Mit dem Tragen von Masken verbindet sich altes Brauchtum. In früherer Zeit traute sich, durch die Maske geschützt, der einfache Mann wenigstens einmal im Jahr respektlose Reden zu halten und der sonst so gefürchteten Obrigkeit die Meinung zu sagen. Das war ihm in den Tagen vor der Fastenzeit zugestanden.

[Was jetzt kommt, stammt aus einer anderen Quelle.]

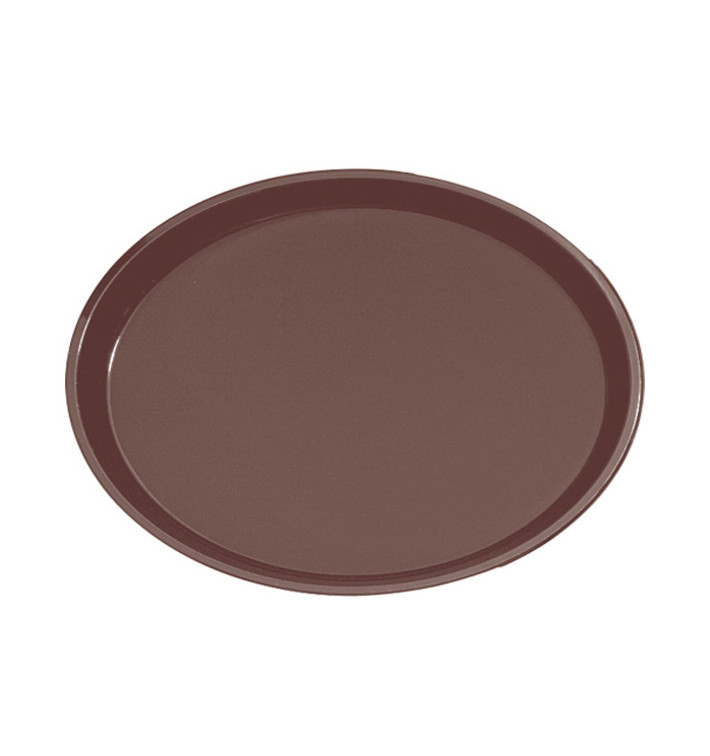 Plastic Tray Oval Non-Slip Brown 67,0x55,5cm (6 Units)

Zur Karnevalszeit dürfen wir uns kostümieren und sein, wer oder was immer wir sein wollen. Sie gibt uns im wahrsten Sinne des Wortes die Narrenfreiheit, mit einem zwinkernden Auge unbekannte Seiten an uns freizulegen. In dieser Zeit ist es uns also unbenommen, Masken zu tragen. Wir dürfen jemand anderes sein und die Welt mit anderen Augen sehen. Wir schlüpfen in eine andere Rolle. Vielleicht stellen wir uns gerade dann die Frage: „Wer bin ich? Wäre ich gern jemand anderes?“
Natürlich ist es verlockend, eine Maske zu tragen. Durch sie können wir unsere wahren Gedanken verbergen. Wir schirmen uns ab. Wir lassen uns nicht in unser Innerstes blicken. Hinter einer Maske sehen wir nicht das wahre Ich. Wir sehen nur, was wir vor Augen haben. Darum ist es sehr wichtig zu wissen, wann wir die Maske wieder ablegen sollten.
Denken Sie noch an die Coronazeit? Wie oft haben wir gesagt: „Ich möchte mal wieder das Gesicht, die Mimik meines Gegenübers sehen!“ Und heute? Wir alle tragen wieder viel zu oft Masken, möchten aber doch das Gesicht des anderen sehen, ihm in die Augen schauen. Unsere Maske aber lassen wir auf.
Doch das geht nicht. Wenn wir uns hinter unseren Masken verstecken, können wir nicht erwarten, dass andere ihre Masken ablegen. Wie soll denn ein anderer als Mensch mit uns reden, wenn wir ihm unser wahres Gesicht nicht zeigen, sondern ihn durch dunkle Gläser der Sonnenbrille betrachten mit Augen, die nicht zu erkennen sind! Und, wenn wir dauernd Rollen spielen, verlieren wir uns selbst. Eine Maske vor dem Gesicht kann sehr anstrengend sein.
Also genießen wir die Zeit hinter Masken und Sonnenbrillen. Schlüpfen wir ruhig mal in die eine oder andere Rolle. Aber seien wir auch stark und mutig, die Maskerade frühzeitig fallen zu lassen und zu entdecken, dass wir uns gar nicht verstecken brauchen. Denn es geht kein Mensch über die Erde, den Gott nicht gewollt hat. Und vergessen wir nicht: vor Gott brauchen wir keine Maske, vor ihm können wir sie bedenkenlos abnehmen, er kennt uns nicht einmal mit Maske, er sieht nur auf unser Herz und nimmt uns so an wie wir sind. Geben wir unseren Mitmenschen auch die Chance, uns ohne Maske zu mögen und zu entdecken, wer und wie wir wirklich sind.